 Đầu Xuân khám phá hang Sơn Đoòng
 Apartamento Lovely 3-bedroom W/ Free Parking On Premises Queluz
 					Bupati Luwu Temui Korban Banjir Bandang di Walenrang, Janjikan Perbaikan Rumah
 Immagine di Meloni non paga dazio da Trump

* * *

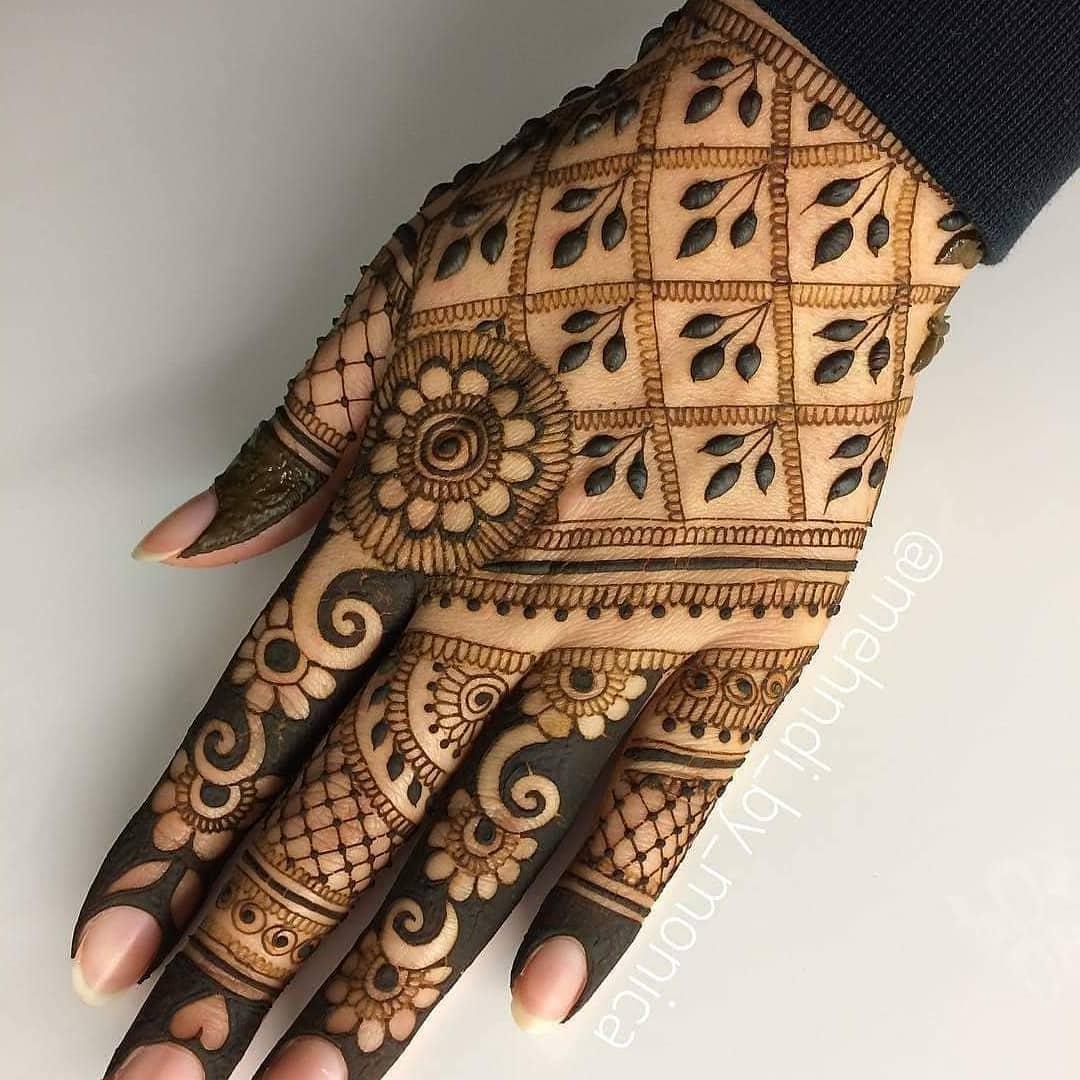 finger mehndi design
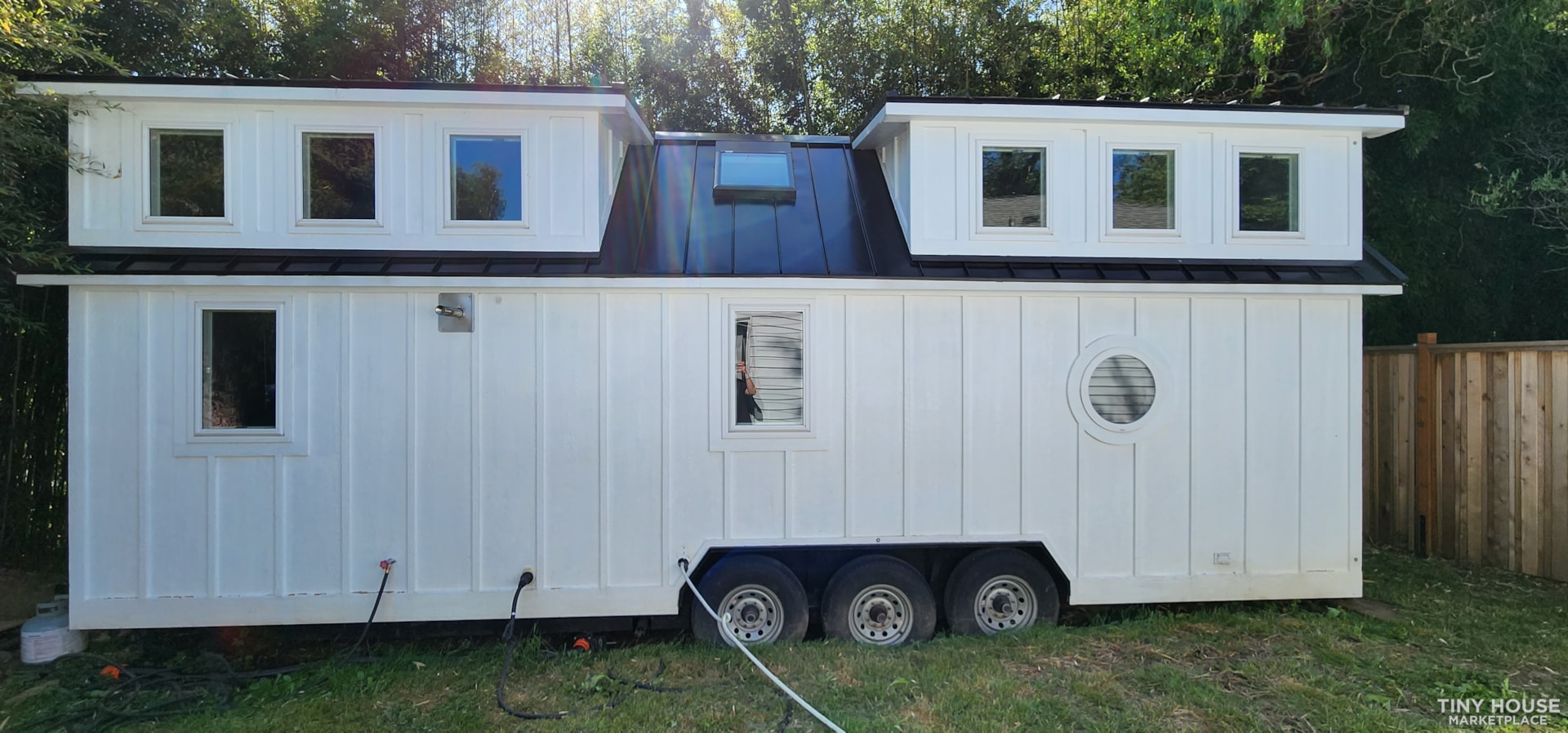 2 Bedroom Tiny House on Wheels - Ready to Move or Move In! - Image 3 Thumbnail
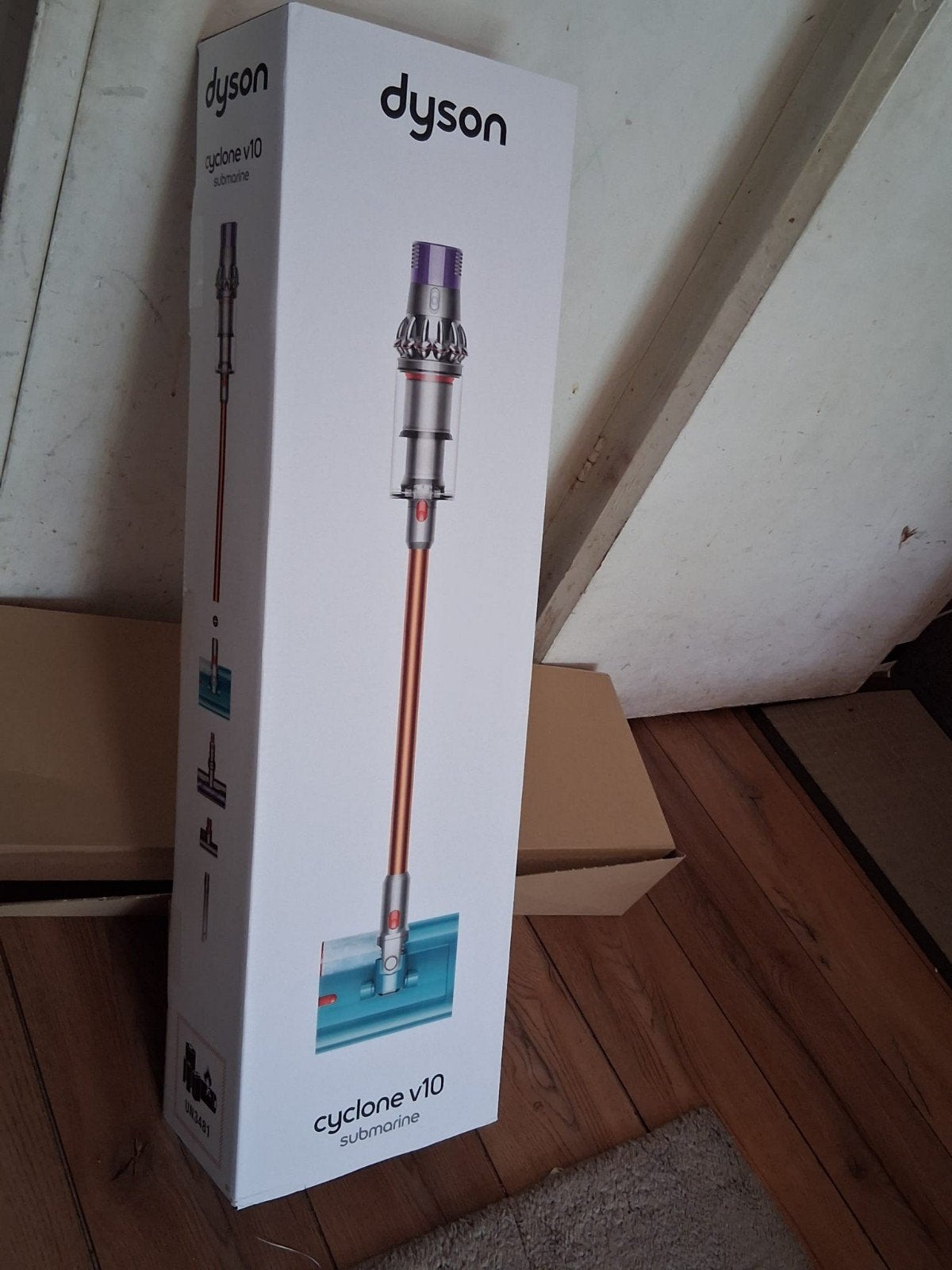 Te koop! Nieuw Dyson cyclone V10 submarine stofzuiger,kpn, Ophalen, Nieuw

==

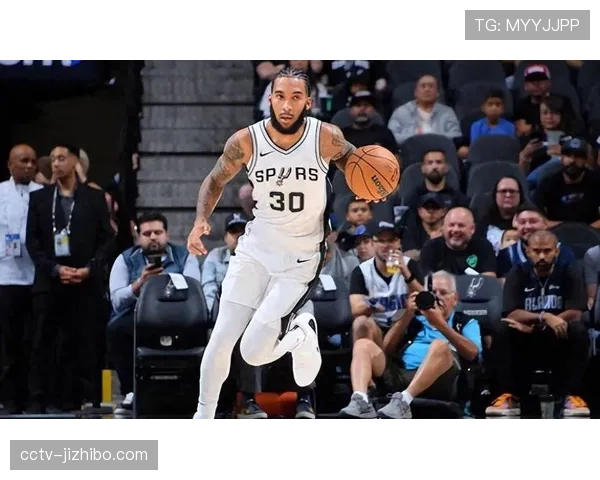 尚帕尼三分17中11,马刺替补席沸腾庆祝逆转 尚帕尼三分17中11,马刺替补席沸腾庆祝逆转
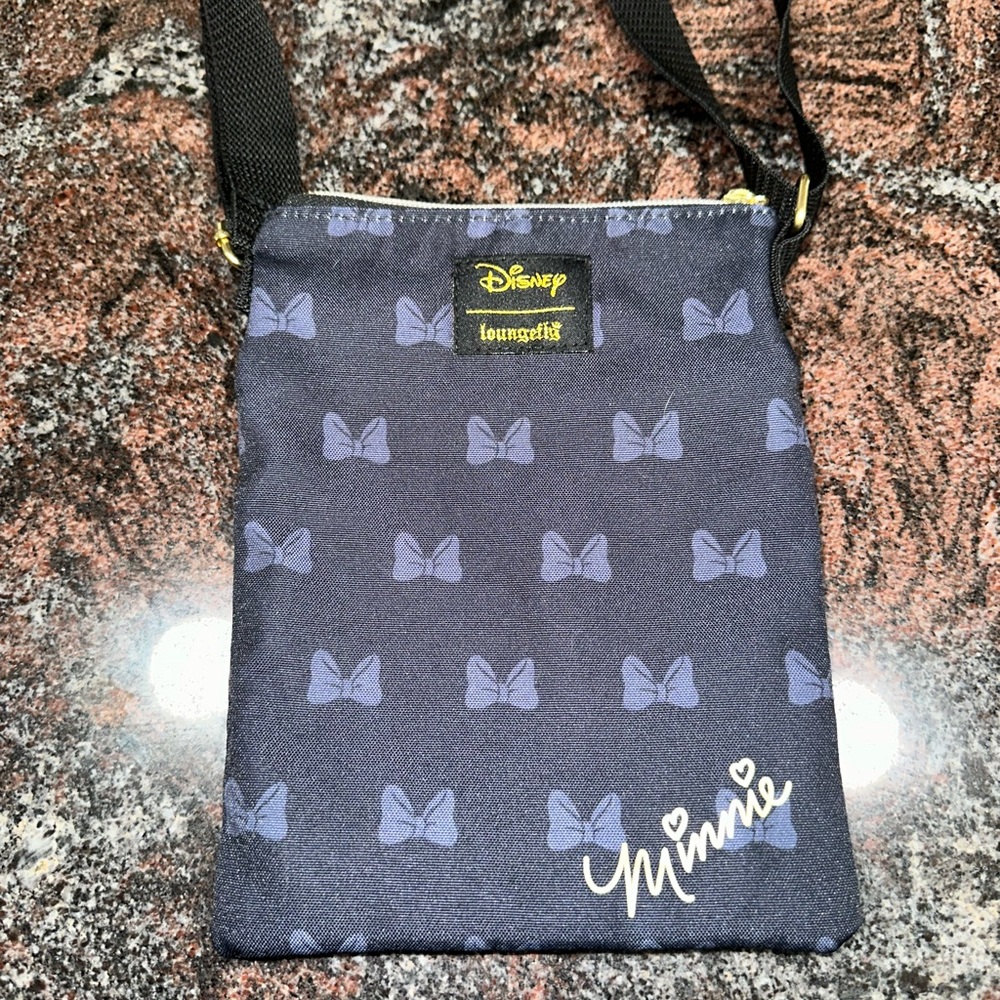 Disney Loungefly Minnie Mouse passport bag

*What you should do*:
Both the line above containing "finger mehndi design" and the line containing "Te koop! Nieuw" belong in the copy, along with every line between them; print these exactly and omit the pictures.

*Finished exercise*:
 finger mehndi design
 2 Bedroom Tiny House on Wheels - Ready to Move or Move In! - Image 3 Thumbnail
 Te koop! Nieuw Dyson cyclone V10 submarine stofzuiger,kpn, Ophalen, Nieuw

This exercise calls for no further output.